Hamburg

Hamburg immer wieder zieht es mich nach Hamburg.

Diese Stadt an der Mündung der Elbe, den Fluss der meine alte Heimat (das Havelland) mit dem Meer verbindet – Sehnsuchtsort.

Im Gegensatz zum auf Hochglanz polierten München ist Hamburg so scheint es offener und ehrlicher.

Das Wasser entlang der Alster ist es was mich dieses Mal in den Bann zieht und so wandere ich am frühen Morgen entlang des Ufers der Alster vom Hauptbahnhof bis hinauf zum Stadtpark und ich lasse mich beim Fotografieren treiben.

 

Jogger kreuzen meinen Weg, Wildgänse fressen das junge Gras am Ufer,

Blessrallen tauschen ab oder dösen im Wasser,

Schwäne ziehen ihre Bahnen und im Hintergrund braust der Strassenverkehr.

Ich komme zur Ruhe und zu mir. Wandere und schaue umher, mache Fotos.

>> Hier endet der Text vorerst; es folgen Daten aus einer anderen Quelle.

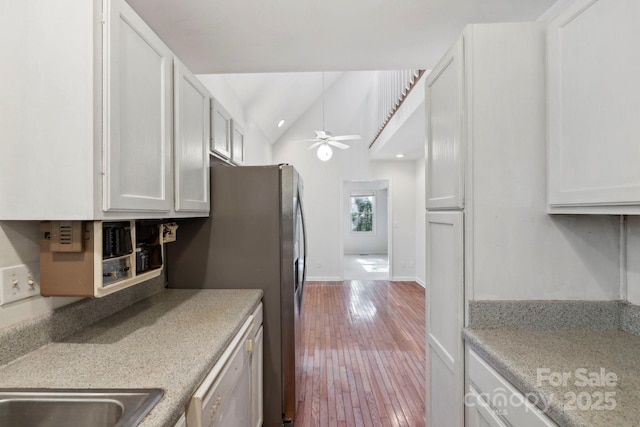 124 Hilltop Rd, Black Mountain, NC 28711 - kitchen featuring lofted ceiling, dishwasher, ceiling fan, white cabinetry, and light countertops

Finde vergessene oder abgestellte Espandrillos auf einer Parkbank.

Entdecke Spiegelungen im Wasser und will diese unbedingt fotografieren.

Beobachte wie ein Angler einen dicken fetten Karpfen fängt.

Der bittet mich stehen zu bleiben und ein Foto von ihm und seinen Fang zu machen mit seinem Smartphone. Er würde den Fisch nachher wieder ins Wasser schmeißen, meint er. Ich grinse nur…

Ich komme an einer Moschee vorbei und lasse dieses Bild auf mich wirken. Es scheint, als passe dieses Haus nicht hierher und gehöre doch hierher?

Wie so oft frage ich mich, warum können die Menschen nicht einfach friedlich zusammenleben? Gauben ist nach meiner Meinung Privatsache und sollte es bleiben. Viel wichtiger ist doch die Toleranz und das Miteinander. Für welchen Glauben sollte ich mich denn entscheiden, wenn es selbst in meiner Familie da die unterschiedlichsten Meinungen gibt, von Katholiken, Evangelisten, Bhuddisten und Atheisten ist da alles dabei.

Genauso wie dieser bekloppte Wahnsinn mit dem Ausländerhass, der wieder salonfähig wird. Was ist denn das für ein grosser Bullshit. Darf ich dann nie wieder mit meinem Schwager und meinen Nichten und Neffen reden oder was? Das sind genauso Menschen wie ich und meine Familie – so ein kompletter Schwachsinn. Vernünftige Bildung und gute Chancen für alle machen doch viel mehr Sinn. Gute Ausbildung für Mütter, Kinder, Väter, Offenheit und Freundlichkeit – trotzdem auch Wachsamkeit.

Solche Gedanken schießen mir vor der Moschee durch den Kopf, während ich versuche das perfekte Bild zu machen. Danach verfranse ich mich im Gewusel der Stadt genauso wie in meinen Gedanken und fluche vor mich hin. Irgendwo hier bin ich falsch abgebogen. Eine Brücke, die ich suche, wurde abgerissen. Ich fluche. Das heißt Umwege gehen und neu orientieren.

Nur noch eine Stunde Zeit um ans Ziel zu kommen und Hunger im Bauch. Schlechte Vorzeichen. Also nachdenken- Verstand einschalten. Da ein Cafe. Das ist meine Rettung. Jetzt wird erstmal gefrühstückt. In diesem Sinne bis zum nächsten Blog.